## Directions for this task:
Once you find the line that contains "TikTok’s Chris Olsen" in the entries below, give it again along with every following line, unchanged, through the final one.

## Dataset records:
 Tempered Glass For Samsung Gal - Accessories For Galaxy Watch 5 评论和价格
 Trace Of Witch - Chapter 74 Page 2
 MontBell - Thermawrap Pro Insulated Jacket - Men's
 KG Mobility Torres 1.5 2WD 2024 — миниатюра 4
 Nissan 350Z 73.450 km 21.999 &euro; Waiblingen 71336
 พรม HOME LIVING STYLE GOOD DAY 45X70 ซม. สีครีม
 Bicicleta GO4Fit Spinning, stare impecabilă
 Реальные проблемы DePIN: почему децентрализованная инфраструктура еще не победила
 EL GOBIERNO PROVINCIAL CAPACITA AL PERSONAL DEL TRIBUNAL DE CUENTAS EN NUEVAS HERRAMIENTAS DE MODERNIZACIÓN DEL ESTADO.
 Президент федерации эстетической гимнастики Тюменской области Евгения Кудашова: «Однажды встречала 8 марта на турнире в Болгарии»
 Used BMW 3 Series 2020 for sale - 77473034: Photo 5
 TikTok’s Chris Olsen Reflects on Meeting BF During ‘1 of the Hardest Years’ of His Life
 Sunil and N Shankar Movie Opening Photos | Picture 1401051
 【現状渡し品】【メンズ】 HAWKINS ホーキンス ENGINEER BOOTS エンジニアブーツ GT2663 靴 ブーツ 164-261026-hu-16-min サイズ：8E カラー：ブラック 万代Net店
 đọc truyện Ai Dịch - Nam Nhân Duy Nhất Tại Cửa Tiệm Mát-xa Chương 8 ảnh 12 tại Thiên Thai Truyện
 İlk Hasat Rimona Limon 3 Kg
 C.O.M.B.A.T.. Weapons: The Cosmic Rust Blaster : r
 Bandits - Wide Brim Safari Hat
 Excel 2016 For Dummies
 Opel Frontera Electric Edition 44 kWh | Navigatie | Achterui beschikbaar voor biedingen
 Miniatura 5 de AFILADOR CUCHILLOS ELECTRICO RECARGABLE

## Result:
 TikTok’s Chris Olsen Reflects on Meeting BF During ‘1 of the Hardest Years’ of His Life
 Sunil and N Shankar Movie Opening Photos | Picture 1401051
 【現状渡し品】【メンズ】 HAWKINS ホーキンス ENGINEER BOOTS エンジニアブーツ GT2663 靴 ブーツ 164-261026-hu-16-min サイズ：8E カラー：ブラック 万代Net店
 đọc truyện Ai Dịch - Nam Nhân Duy Nhất Tại Cửa Tiệm Mát-xa Chương 8 ảnh 12 tại Thiên Thai Truyện
 İlk Hasat Rimona Limon 3 Kg
 C.O.M.B.A.T.. Weapons: The Cosmic Rust Blaster : r
 Bandits - Wide Brim Safari Hat
 Excel 2016 For Dummies
 Opel Frontera Electric Edition 44 kWh | Navigatie | Achterui beschikbaar voor biedingen
 Miniatura 5 de AFILADOR CUCHILLOS ELECTRICO RECARGABLE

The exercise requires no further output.